Right now, two paragraphs into a column that’s supposed to be about Ayn Rand, you’re probably thinking to yourself, ”Yeah, Jon, you’ve obviously learned a lot from Professor Rein.” But two paragraphs is nothing! I’ve read 336 pages of Rand’s monument to megalomania, Atlas Shrugged — just under a third of the book — and I’m still waiting for her to cut the shit and get to the point. However, I thought of Irv today because Rand did manage to slip a bit of wisdom onto page 331. Here it is: ”By the essence and nature of existence, contradictions cannot exist. If you find [the connection between two facts] inconceivable … check your premises. You will find that one of them is wrong.”
It’s a great set-up for whatever’s to come during the remaining 832 pages. Unfortunately, at the moment I’m still struggling to climb down (temporarily) from Rand’s Tower of Babble. Here’s a synopsis of Chapters 6 through 10:
When we last left our intrepid world-beaters, railroad magnate Dagny Taggart and industrialist Hank Rearden, they were facing down some mighty odds — creeping government regulation, and the incompetence and blame-shifting of those around them — in their efforts to renovate a broken-down railway line that would serve the rugged-individualist tycoons of the newly prosperous Mountain West. Those obstacles grow exponentially as the story continues … and while Dagny and Hank have the cojones to stick it out, an unusual number of like-minded entrepreneurs have begun to give up on their depraved society and vanish into obscurity. There’s Francisco d’Anconia, for one; he had sunk his fortune into a copper mine he knew held no copper, then had put up no fuss when the Mexican government nationalized the mine. As they continue their adventures, Dagny and Hank learn of other such cases — including my personal favorite, that of a meticulous and upstanding (if greedy) banker named (no kidding) Midas Mulligan, who is told by a judge that he can no longer ”discriminate” against loan applicants simply because they have no collateral and no prospects of success. Instead of granting the loan, Midas closes up his bank and disappears … taking a ”mulligan” on his career as a mogul, as it were.
He leaves behind an economy that’s clearly in decay because of too much government intervention and too much concern for the ”common man.” As we begin Chapter 6, poor anti-social Hank is steadying himself for a dinner party where he’ll encounter a rogues gallery of the forces that are Bringing America Down: nihilist philosophers, university professors, liberal newspapermen, altruistic simps, and other assorted socialist socialites. The buzz at the party is about the Equalization of Opportunity Bill, which would forbid any one man or corporation from owning more than a single business concern; everyone seems to love the idea, except for poor Hank, who has been buying up iron mines and trucking lines because he’s learned he can’t trust any business he doesn’t run himself. The bill soon passes, of course, forcing Hank to sell off businesses and place himself at the mercy of the inept and corrupt — but evil forces are plotting even higher barriers to his success.

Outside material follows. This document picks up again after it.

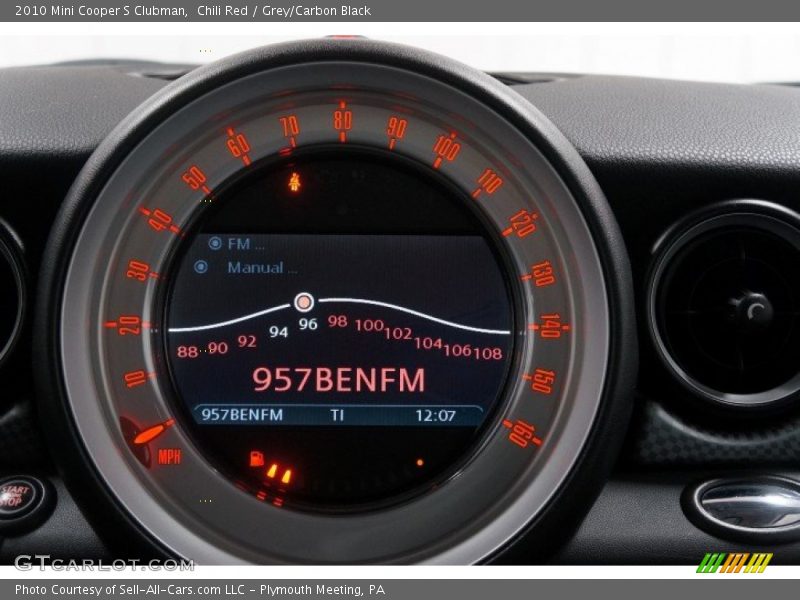 Chili Red / Grey/Carbon Black 2010 Mini Cooper S Clubman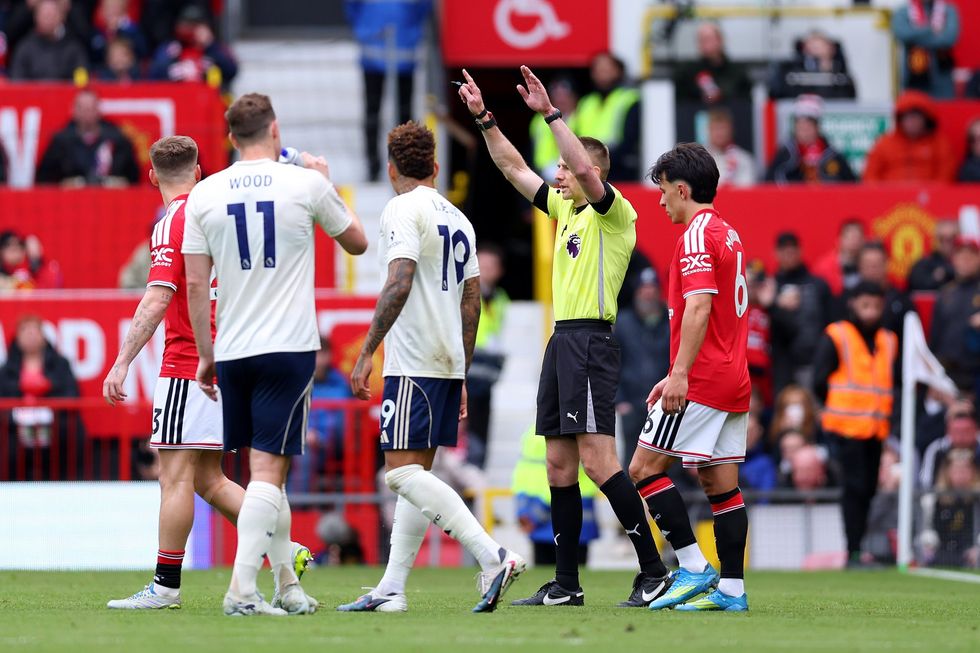 Referee Michael Salisbury stood by his decision to award the goal despite VAR telling him to take another look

The ”State Science Institute,” concerned more with the welfare of the moribund steel industry than with industrial progress, announces its disapproval of Hank’s invention, Rearden Metal — leaving him with no market for his product apart from the ever-loyal Dagny.
By hook and by crook, they build their railroad anyway — after Dagny separates herself from her family’s company and renames her project (of course) the ”John Galt Line.” With help from renegade contractors and train conductors willing to betray their unions and trade associations — heroic scabs, in other words — the line is completed. The press, the government, and all those socialist pinheads are certain that Rearden Metal won’t hold up, that the first train will crash like the Titanic, but Dagny and Hank’s ride on the inaugural excursion becomes a triumphant experience that (for them, and clearly for the author) is far better than sex. Afterward they get their freak on anyway, and soon they’re taking a ”romantic” vacation together — a vacation that takes a strange turn when they tour an abandoned automobile plant, and discover the ruins of an engine prototype that they’re convinced could change the world by harnessing the power of atmospheric electricity … if only they could find the genius who had invented, then abandoned it.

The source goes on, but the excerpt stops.